Ogni sapere da cui non scaturiscono nuove domande, diventa in breve morto, perde la temperatura che favorisce la vita. (…)
Per questo apprezzo tanto due piccole paroline: “non so”. Piccole, ma alate. Parole che estendono la nostra vita in territori che si trovano in noi stessi e in territori in cui è sospesa la nostra minuta Terra. Si ripetono la parola “non so”, “ le persone di animo inquieto ed eternamente alla ricerca”.

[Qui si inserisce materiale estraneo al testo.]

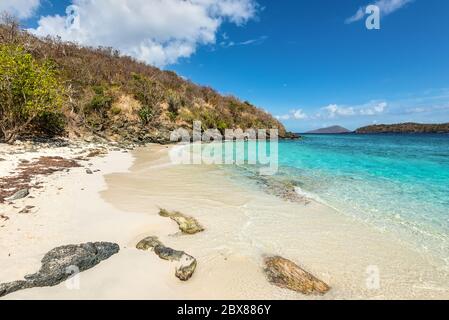 Paesaggio a Coki Bay a St Thomas, Isole Vergini Americane, Caraibi. Concetto di viaggio per le vacanze estive. Foto Stock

Dal discorso tenuto in occasione del conferimento del Premio Nobel da Wisława Szymborska,1996
Come insegnante, non credo che sia possibile risolvere tutti i problemi, l’insegnamento non è un lavoro facile. Ci troviamo in mezzo a tanti bambini, a tanti ragazzi così diversi uno dall'altro! Capacità, storie, famiglie, provenienze diverse. Situazioni complesse e distanti dalla nostra esperienza, da qualsiasi cosa ci abbiano insegnato e spesso ci sentiamo impotenti e stanchi. Il nostro lavoro non gode di una grande considerazione e questo certo non aiuta. La politica non dimostra di sicuro sensibilità nei confronti dei problemi e delle sfide che ci troviamo ad affrontare e spesso ci lascia soli. I genitori ci fanno le richieste più disparate e il dialogo con loro può diventare molto difficile.
Eppure molti insegnanti, molti più di quelli che si potrebbe credere si impegnano con grande serietà e professionalità. Questo lavoro è davvero "un' incessante avventura", spesso ci sentiamo in un labirinto senza uscita, capita di sbagliare strada e ci è difficile ritrovarne una migliore e più efficace.

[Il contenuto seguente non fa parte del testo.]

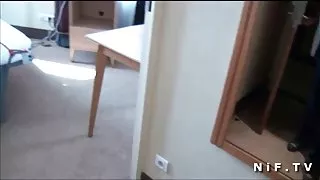 Fransk dansk teen porn hustru med flotte bryster, der tilbydes, og kneppet af en john doe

Ma proprio perché così, il nostro è un lavoro che bisogna amare. Bisogna amare quei bambini e quei ragazzi di fronte a cui spesso ci sentiamo impotenti e di fronte a cui ci ritroviamo a dire "non so", “non so cosa fare”. Ma questo "non so" ci può aiutare a "cercare", a "chiedere aiuto", "a provare", ma soprattutto a non dire mai "non c'è niente da fare". Purtroppo, se esistono molti che, di fronte alle difficoltà non si arrendono, ne esistono altri che troppo presto dicono "non c'è niente da fare". 
Mi viene in mente quello che una ragazza molto problematica un giorno ha detto della sua insegnante: “mi sgrida, a volte è dura con me, ma non mi molla”. Ecco, forse questa è l’unica cosa che so di voler fare: non mollare.
Come dice Zagrebelsky,   chi crede nella democrazia “è convinto che tutto è migliorabile, che arrivare ad un punto non vuol dire aver raggiunto la meta, che siamo alla ricerca e continuamente in cammino. Che in ogni situazione, "c'è sempre un lato rimasto in ombra che chiede e può essere portato alla luce", che ci sono sempre possibilità da esplorare per andare “oltre" , che bisogna anche tener conto della possibilità di momenti d’arresto,  che “il successo non è affatto escluso, ma non è nemmeno assicurato".